Captioned web image data:
* * * * * * * * *
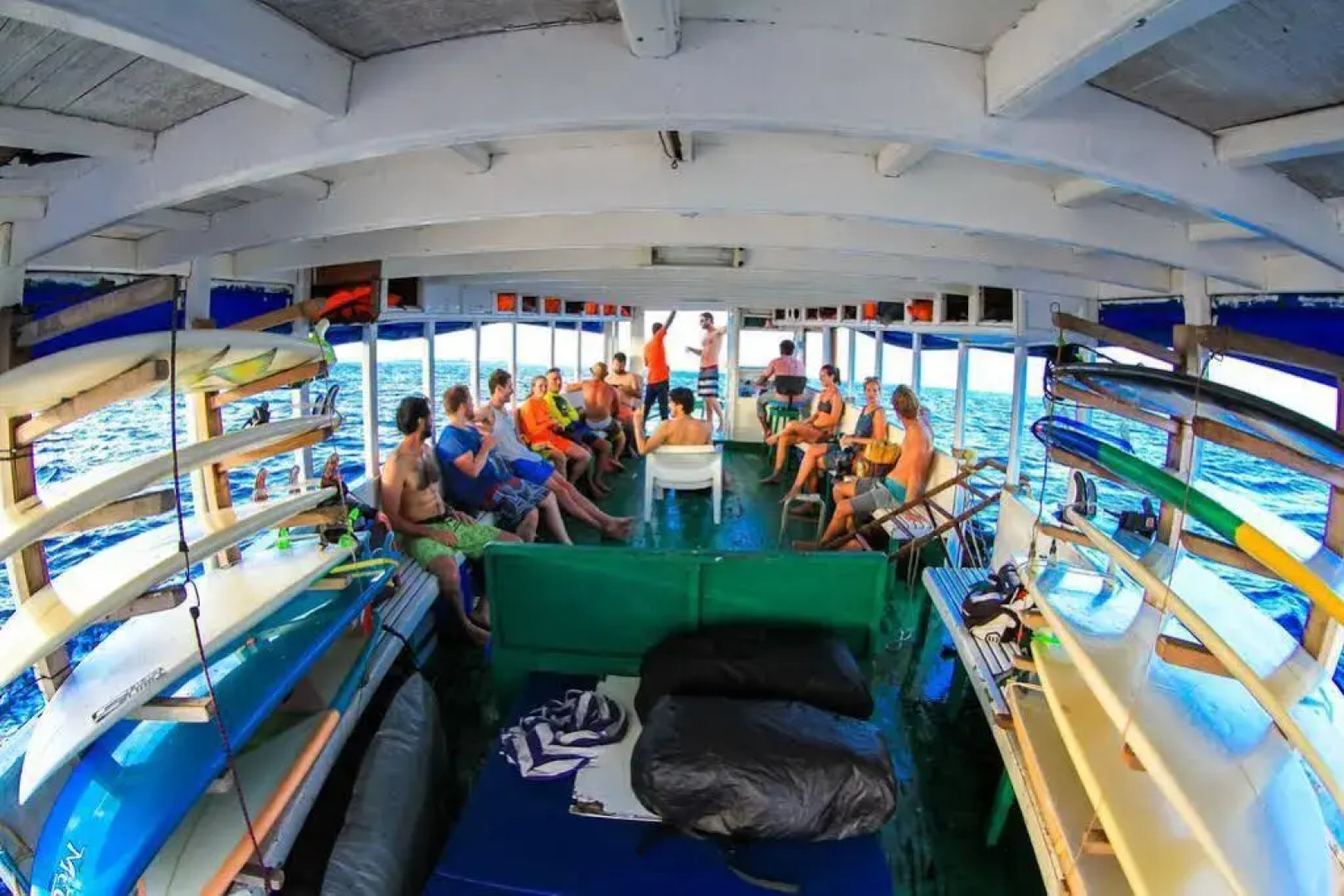 Just Surf Villa Maldives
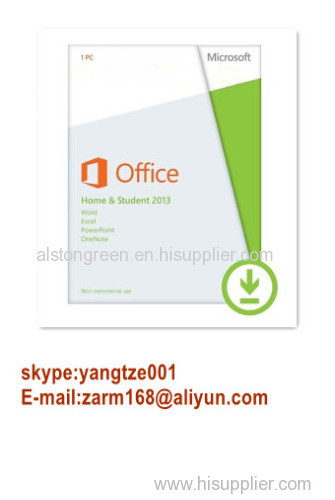 Office 2013 Professional Home and Student Key fpp key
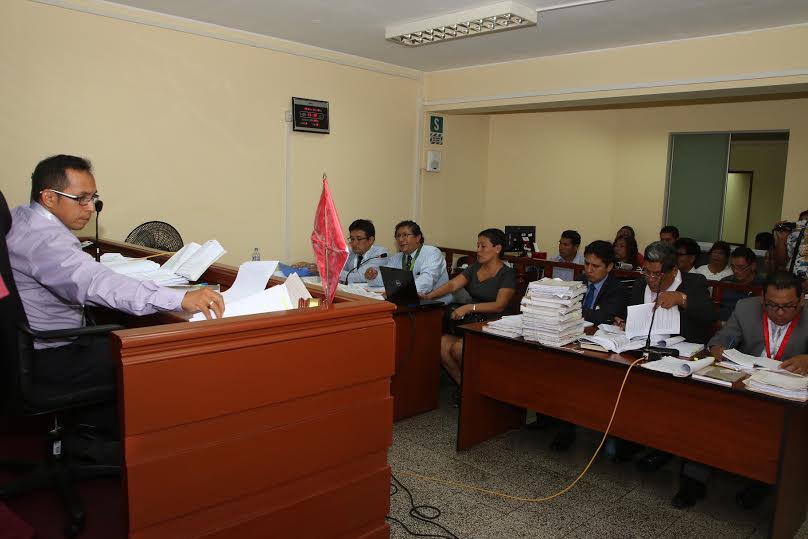 Chimbote: Desestiman pedido de prisión preventiva contra Victoria Espinoza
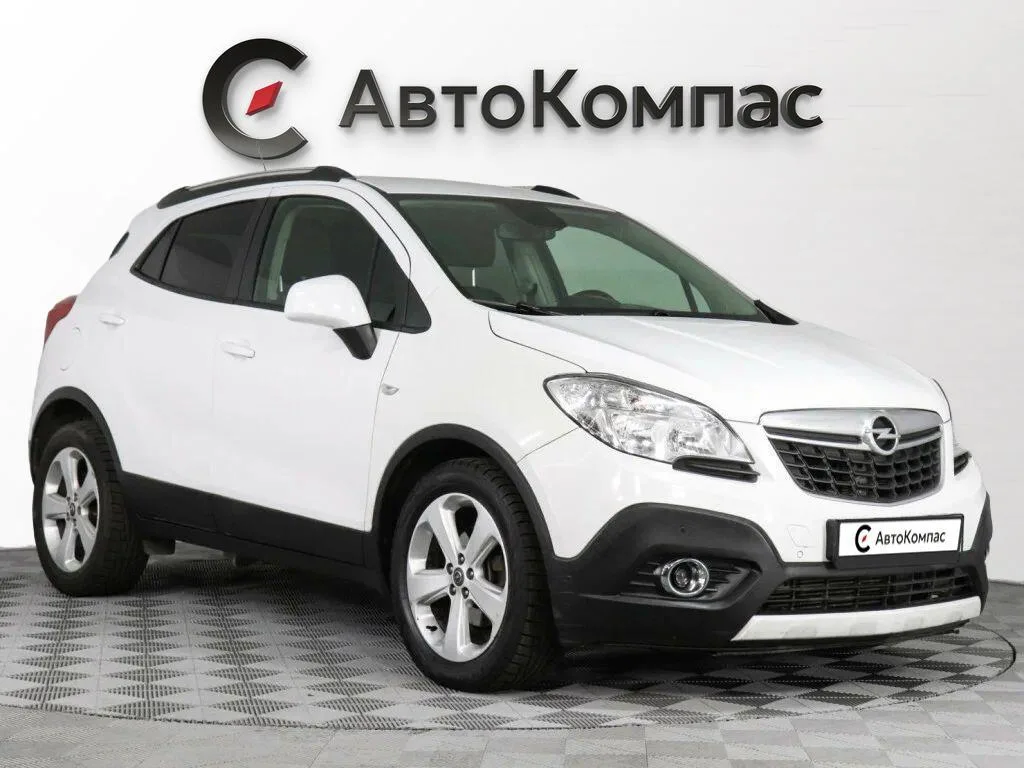 Opel Mokka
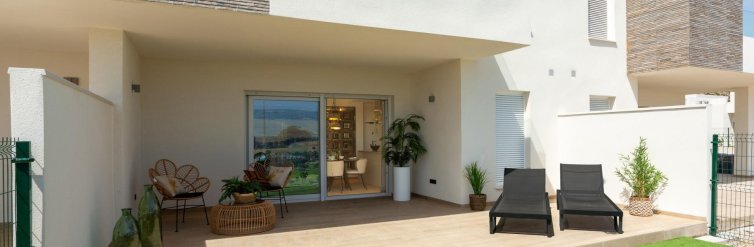 Sérhæðir · Nýbygging - La Finca Golf · Alicante · Spánn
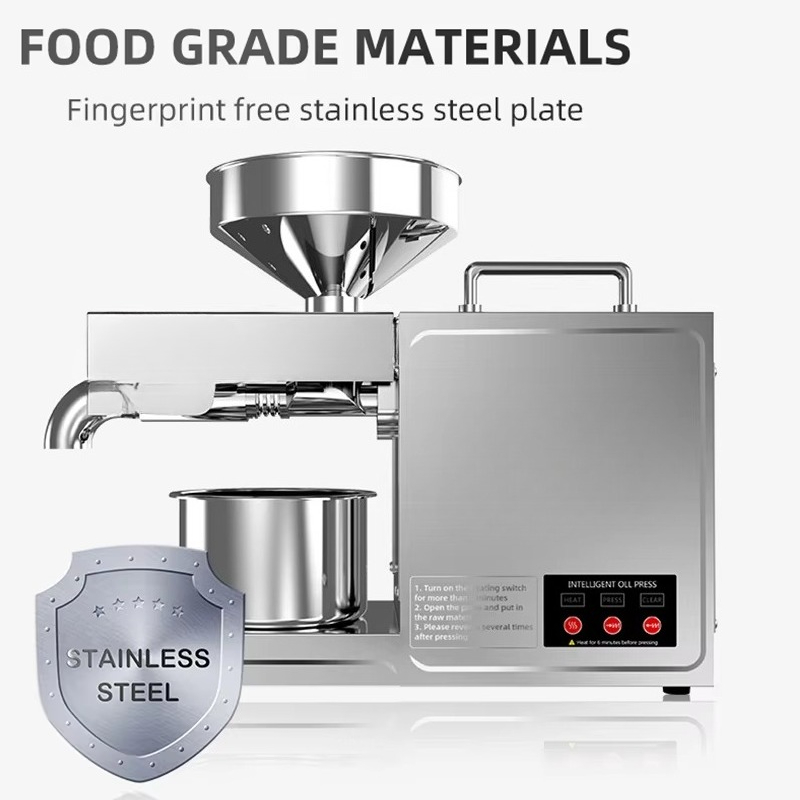 B03 Ev Tipi Yağ Presi, Küçük B - Kitchen Appliances In incelemesi ve fiyatı
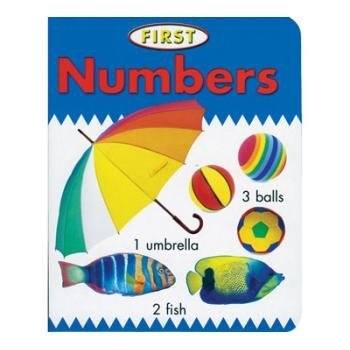 First Numbers
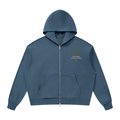 FC001 B.O.P Zip Hoodie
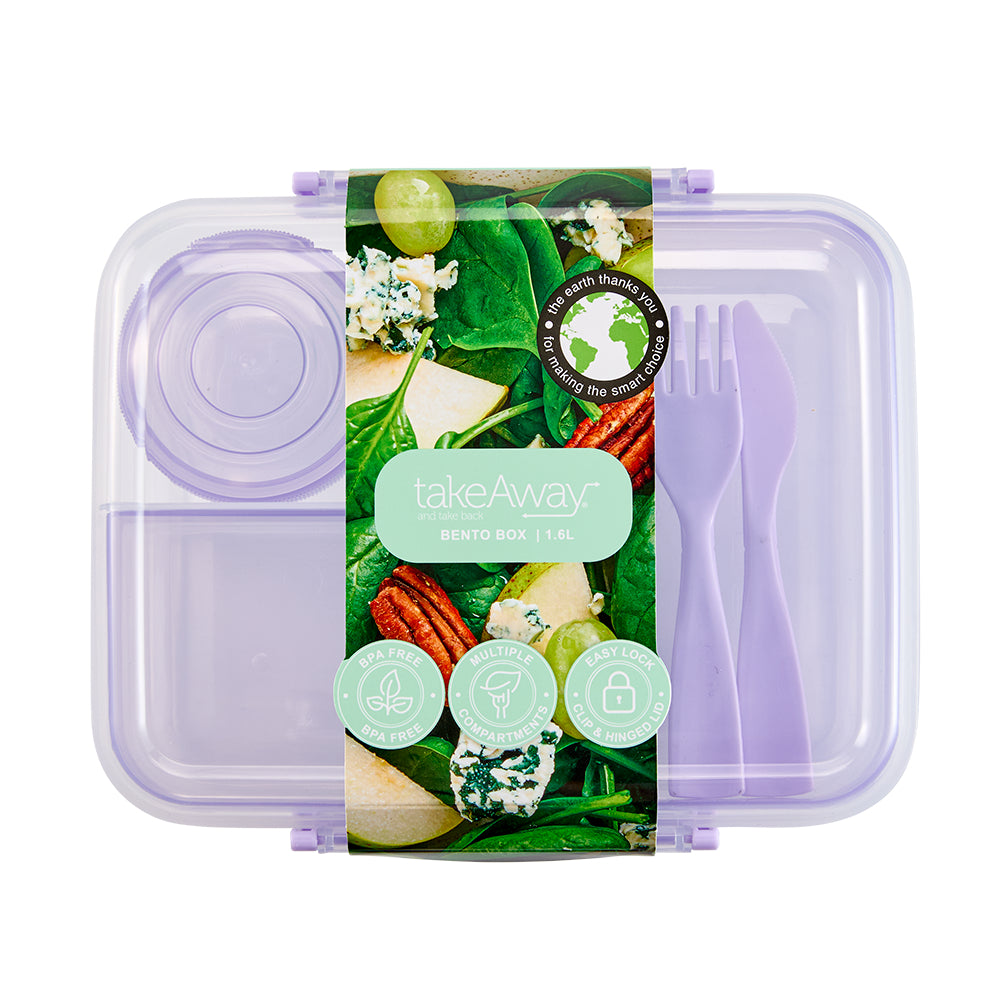 TakeAway Out Bento Box 1.6 Litre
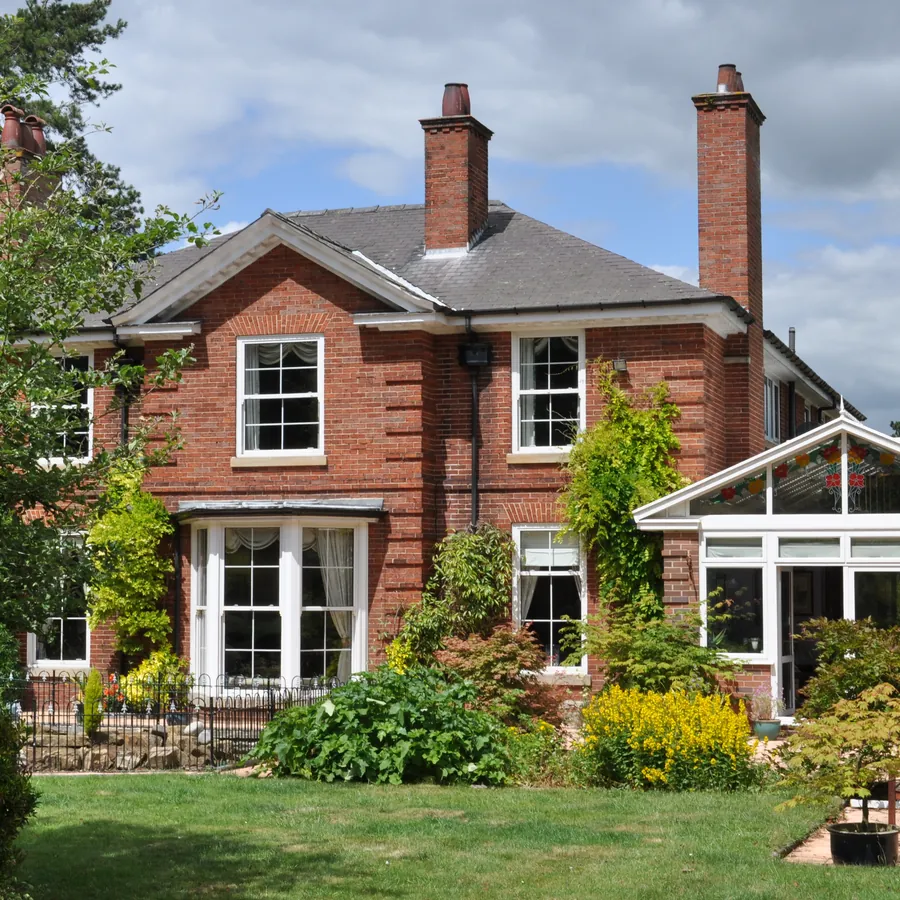 Victorian Conservatory — Product Earlsfield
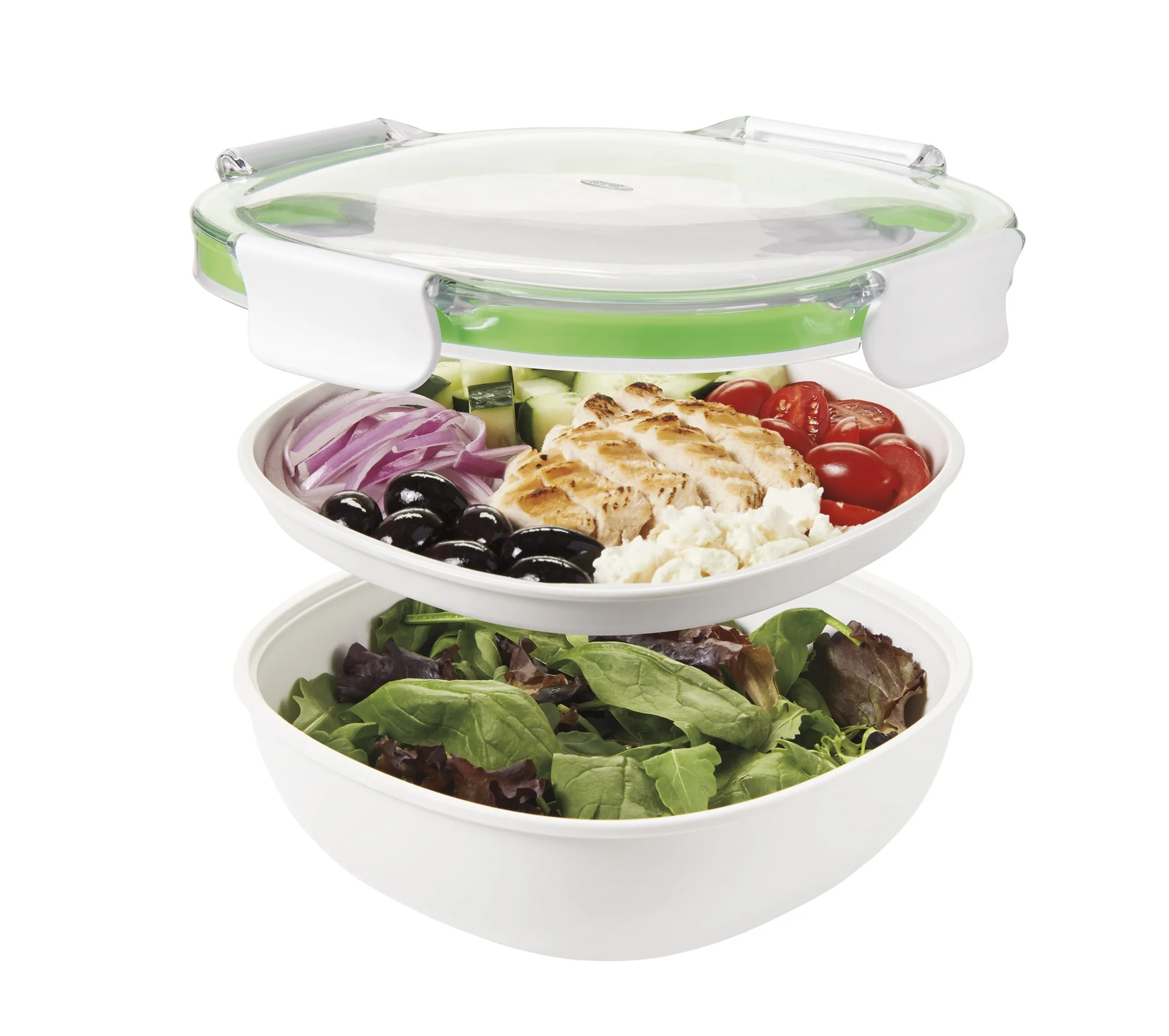 On-The-Go Salad Container (2014)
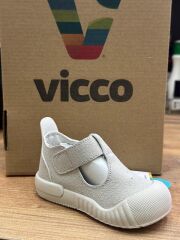 Vicco Loro 2 Unisex bebek ilk adım Gri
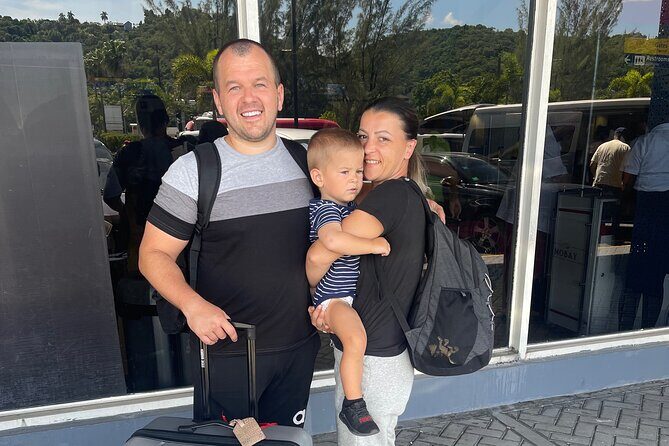 Sangster Airport Montego Bay Transfer to Montego Bay or Falmouth - FAQ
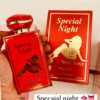 عطر الفرمون الأحمر سبشل نايت عطر الحب والسعادة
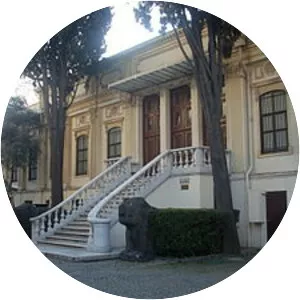 Sanâyi-i Nefîse Mektebi - 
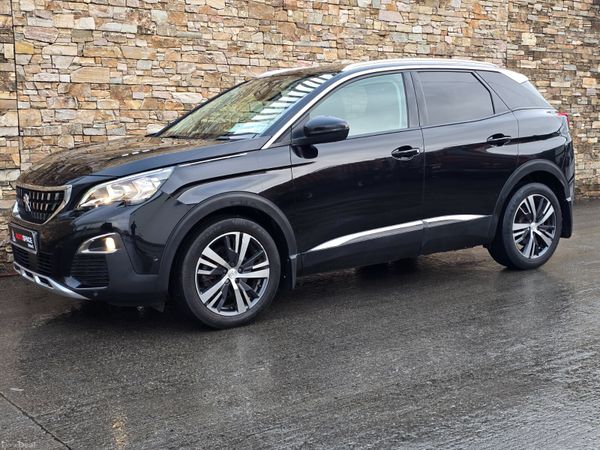 182 Peugeot 3008 BLUE ALLURE 130BHP 385104184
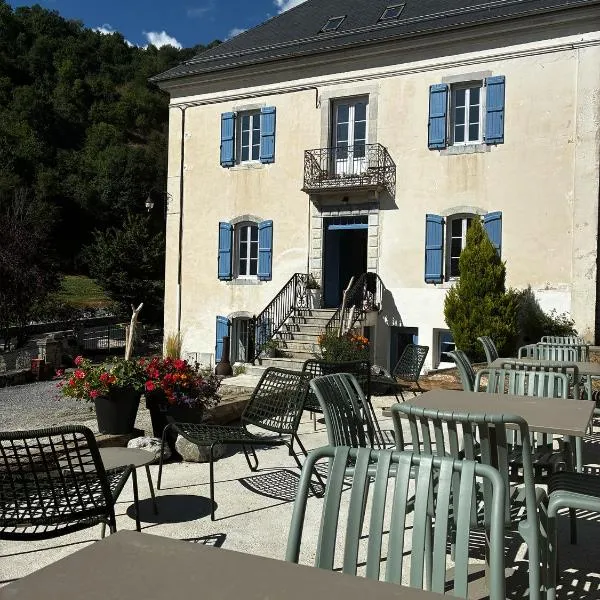 Viesnīca 1040 Tourmalet - Gîtes et Chambres d'hôtes pilsētā Betpouey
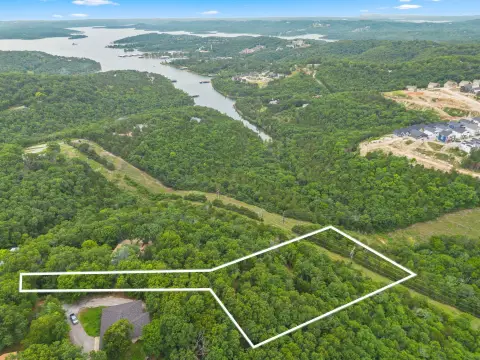 Acreage Homesite with Mature Timber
* * * * * * * * *
Activity:
Begin at the line containing "عطر الفرمون الأحمر" and transcribe exactly every line through the end of the records, both ends included, leaving the pictures out.

Task response:
 عطر الفرمون الأحمر سبشل نايت عطر الحب والسعادة
 Sanâyi-i Nefîse Mektebi - 
 182 Peugeot 3008 BLUE ALLURE 130BHP 385104184
 Viesnīca 1040 Tourmalet - Gîtes et Chambres d'hôtes pilsētā Betpouey
 Acreage Homesite with Mature Timber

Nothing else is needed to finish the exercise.